What can an honest seeker do to be aware of people like this? They need to have (and use!) a functioning brain. If a purported HPS™ has fancy claims of lineage (which turns out to be bullshit, but most seekers won’t be able to debunk that on their own), they are most often undone by themselves, through the time-honored tradition of hypocrisy. When they ban/kick out EVERY SINGLE legitimate and valid British Traditional Wiccan priestess in
her their group who happens to disagree with her them, that’s a great red flag for seekers.
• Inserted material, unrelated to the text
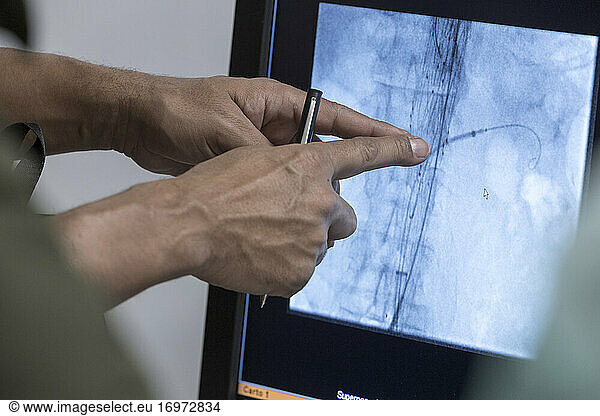 heart catheter when replacing an aortic valve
When it becomes so much, so often, that it’s the majority of what goes on there, and known Gardnerian High Priests are casually dropping the Advanced Bonewits Cult Danger Evaluation Form in that group as a simple conversation piece, your functioning brain should recognize a warning.
But then again, when your cockamamie idiocy and draconian behavior gets featured on some shitty Gardnerian blog, then you really know you’ve made it ;)
Blessed Be, Witches.
P.S. Apparently other witches have come forward to offer up the same warnings that we have about this fictitious person. It’s amazing how much coverage a fake character in a story on Facebook can receive from such different types of witches. While hypocrisy is usually an unintentional red flag warning that such persons tend to send up on their own, sometimes if you just have a really good comments section on your blog, you’ll also give them enough rope to hang themselves as they wade tactlessly and idiotically into a conversation about rape-culture and child pornography.
P.P.S. This little gem was also brought to our attention. The beloved Donald Michael Kraig dodges bullets while giving a wonderful assessment of the Rede and the Threefold Law. Unfortunately our girl of the hour still finds a way to change the very meaning of words. That is some powerful magic.